Council Tax Explained for Tenants
If you have lived in the UK for a number of years now you will no doubt be familiar with the notion of Council Tax.
If, on the other hand, you have just moved to the UK from abroad, it may be something you have never encountered before. Either way, in this article we will outline exactly what the Council Tax is, and who is responsible for paying it.
What Does Council Tax Pay For?
Introduced in 1993, the Council Tax replaced the previously named Community Charge (or Poll Tax). This in turn replaced the rates system in England, Scotland and Wales.
Council tax is a monthly payment tenants make to pay for local services such as bin collection, road repairs, fire brigade and police services etc.
There is one payment per property (regardless of how many individuals live there). If there is only one person living in that property, however, there is a discount.

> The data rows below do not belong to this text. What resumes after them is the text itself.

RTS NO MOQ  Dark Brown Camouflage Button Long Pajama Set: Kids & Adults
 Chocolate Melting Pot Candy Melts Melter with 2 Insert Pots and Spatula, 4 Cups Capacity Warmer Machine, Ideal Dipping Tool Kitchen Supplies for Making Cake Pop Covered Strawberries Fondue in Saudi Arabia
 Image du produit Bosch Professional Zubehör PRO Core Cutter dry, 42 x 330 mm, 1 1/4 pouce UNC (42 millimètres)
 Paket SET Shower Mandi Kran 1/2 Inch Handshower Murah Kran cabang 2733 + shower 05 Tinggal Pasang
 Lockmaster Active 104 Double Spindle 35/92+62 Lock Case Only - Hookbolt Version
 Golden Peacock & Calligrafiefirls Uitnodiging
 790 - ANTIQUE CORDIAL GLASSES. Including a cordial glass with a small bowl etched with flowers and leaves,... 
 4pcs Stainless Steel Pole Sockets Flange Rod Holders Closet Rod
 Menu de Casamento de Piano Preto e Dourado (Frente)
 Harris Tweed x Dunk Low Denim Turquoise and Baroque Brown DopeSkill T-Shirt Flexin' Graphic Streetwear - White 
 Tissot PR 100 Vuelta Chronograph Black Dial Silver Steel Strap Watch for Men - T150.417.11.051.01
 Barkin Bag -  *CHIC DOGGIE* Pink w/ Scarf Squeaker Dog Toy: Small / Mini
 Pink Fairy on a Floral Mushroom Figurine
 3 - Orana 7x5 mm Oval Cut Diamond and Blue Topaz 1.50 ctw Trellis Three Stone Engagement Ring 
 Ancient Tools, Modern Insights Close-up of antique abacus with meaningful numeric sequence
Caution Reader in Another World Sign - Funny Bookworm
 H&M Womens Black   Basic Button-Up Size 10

How Much Is the Council Tax?
The Tax varies from geographical region to the size of a property, the number of rooms it has and where it is located. Residences are categorised into bands. Different bands have different charges, as worked out by the Valuation Office Agency (VOA).
In the case of the Council Tax the charge is worked out on the basis of how much the property is worth on the open market. This is different to the Community Charge and rates system which were both based on the rental value of the property.
How much a particular band costs can change on an annual basis. It’s possible to check the Council Tax cost of a particular residency and band by checking the local council’s website.
Who Pays Council Tax on a Rented Property?
Firstly, only adults aged 18 and over have to pay Council Tax. The owner of a property who is living there pays the tax. If it’s a tenant, then he or she pays it. In fact, anyone living in that property – even a squatter – is due to pay Council Tax.
If the owner of a property lives elsewhere and the property remains empty then he or she would have to pay Council Tax for it. If there is more than one individual living in the property ie a couple or a group of friends, then each adult is individually responsible for paying the Council Tax.
The exception to the above is if the property is a House in Multiple Occupation (HMO). This is when more than three tenants rent a room in the property. It could be young professionals or students. In either case, it is the landlord who pays the Council Tax under these circumstances. No doubt the landlord will take this into account when working out the cost of the rents per room.
Then again, if the tenants in the HMO are renting the property as one group of friends or colleagues etc then they will be jointly responsible for the Council Tax.
What if the Rental Property Is Empty?
An empty rental property is usually the result of a tenant having moved out and the landlord hasn’t been able to find another to take over. This is known as a void period and it’s what every landlord is desperate to avoid (because it means he or she falls short that month).
In such a situation the landlord or property owner is responsible for paying the Council Tax. The good news is that some councils will provide a Council Tax discount to registered landlords when the don’t have a tenant living there. It is always work checking the website to see if your council does.